They're basing their case on the 14th Amendment, which addressed slavery
by guaranteeing all persons equal protection under the law, and since
corporations are people, well...
But what about the equal protection rights of the people who work in
these businesses? Our historical research has found that the drafters of
the Fourteenth Amendment were very interested in employer-employee
relations, and in particular, whether workers could earn "fair, living
wages." That phrase doesn't come from some union organizer or activist
in Seattle: it comes from Senator Jacob Howard, a staunch Republican who
was the Fourteenth Amendment's Senate floor manager back in 1866, and
whose statements on the concerns motivating the Fourteenth Amendment are
a little more important than the legal opinions of Grimace and Captain
Crook. And during the Congressional hearings documented in the official
report of the committee that proposed the amendment, Senator Howard
asked over and over whether employers would pay "fair, living wages." Of
course, a living wage wasn't the only concern behind the Fourteenth
Amendment. But, unlike protection of the franchised business model, it
was definitely part of the overall goals.
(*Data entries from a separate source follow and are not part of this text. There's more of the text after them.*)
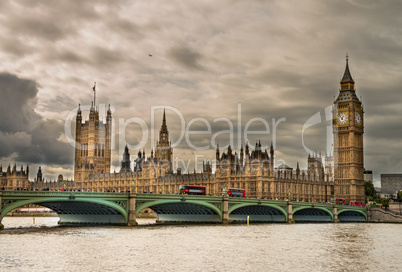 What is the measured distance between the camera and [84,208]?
76375mm

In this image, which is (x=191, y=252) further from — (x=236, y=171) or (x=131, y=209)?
(x=236, y=171)

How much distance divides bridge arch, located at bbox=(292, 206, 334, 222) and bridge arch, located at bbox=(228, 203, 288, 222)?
6196mm

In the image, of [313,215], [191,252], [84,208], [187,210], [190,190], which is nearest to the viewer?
[191,252]

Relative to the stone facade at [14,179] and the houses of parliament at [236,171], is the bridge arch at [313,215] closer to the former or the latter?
the houses of parliament at [236,171]

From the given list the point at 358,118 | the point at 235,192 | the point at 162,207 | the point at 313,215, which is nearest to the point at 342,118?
the point at 358,118

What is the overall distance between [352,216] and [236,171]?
28698 mm

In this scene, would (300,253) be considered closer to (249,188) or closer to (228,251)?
(228,251)

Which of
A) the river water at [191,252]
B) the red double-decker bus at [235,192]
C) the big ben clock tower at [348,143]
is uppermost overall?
the big ben clock tower at [348,143]

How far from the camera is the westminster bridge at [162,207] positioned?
65.1 m

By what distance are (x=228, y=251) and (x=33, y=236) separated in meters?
22.5

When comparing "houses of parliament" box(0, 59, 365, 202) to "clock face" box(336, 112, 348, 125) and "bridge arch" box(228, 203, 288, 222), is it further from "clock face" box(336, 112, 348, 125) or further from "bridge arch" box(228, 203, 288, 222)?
"bridge arch" box(228, 203, 288, 222)

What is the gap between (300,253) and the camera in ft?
157

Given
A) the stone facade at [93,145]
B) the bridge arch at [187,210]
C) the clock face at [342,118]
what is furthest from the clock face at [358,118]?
the stone facade at [93,145]

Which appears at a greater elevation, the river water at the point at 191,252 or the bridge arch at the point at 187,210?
the bridge arch at the point at 187,210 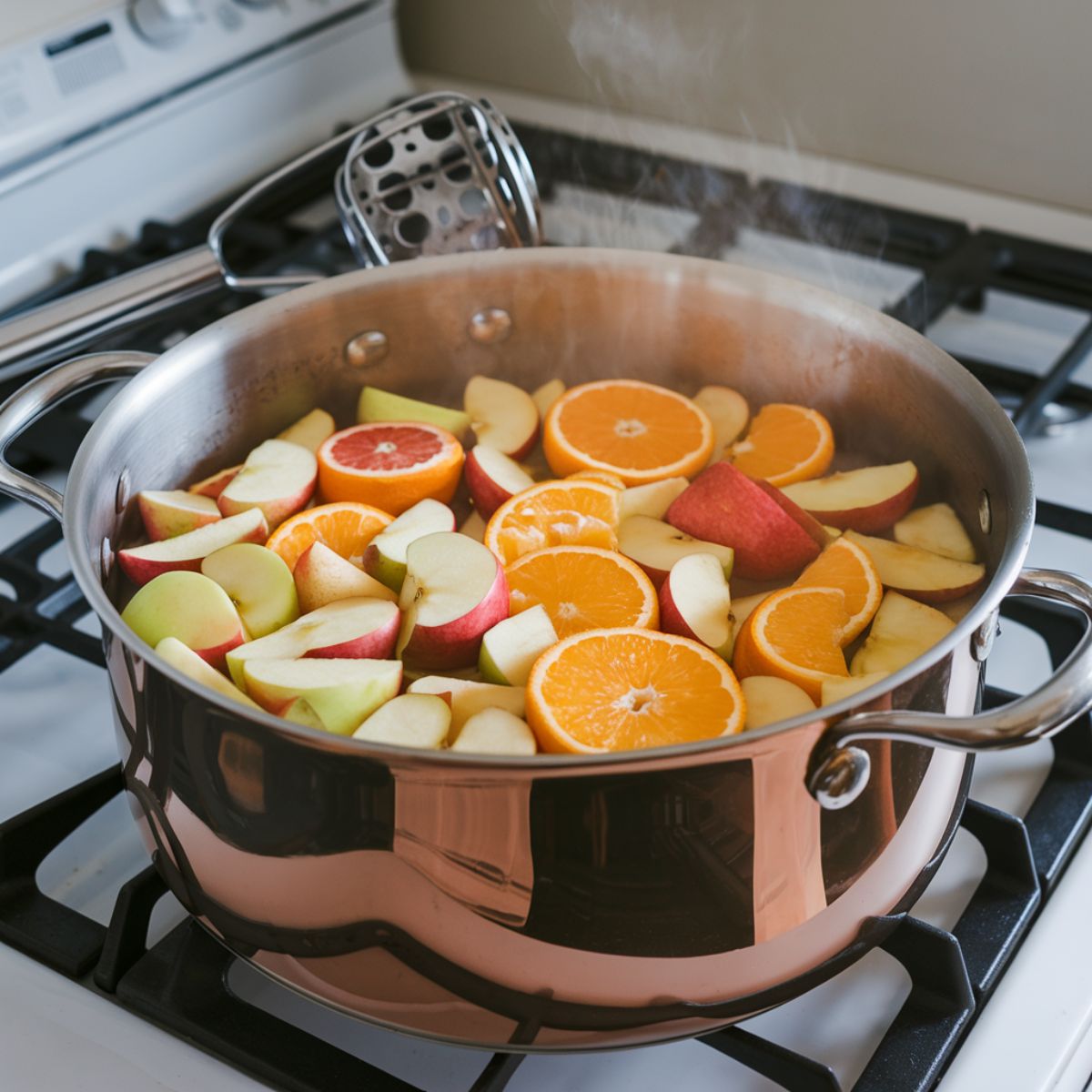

Given how important the idea of "fair, living wages" was to the authors
of the Fourteenth Amendment, it's shameful for the McNugget Buddies to
claim that the Constitution's Equal Protection Clause should protect
them, rather than real human workers with families to feed. But it's not
surprising. Ever since the Fourteenth Amendment was passed, corporate
lawyers have tried to leverage it into a racket to strike down laws like
Seattle's. In 1938, a frustrated Supreme Court justice complained that
"of the cases in [the] Court in which the Fourteenth Amendment was
applied during the first fifty years after its adoption, less than
one-half of 1 percent invoked it in protection of the negro race, and
more than 50 percent asked that its benefits be extended to
corporations." Just this past year, we've seen the Equal Protection
Clause invoked on behalf of coal companies and multinational
agribusiness conglomerates. And now, the Fry Kids.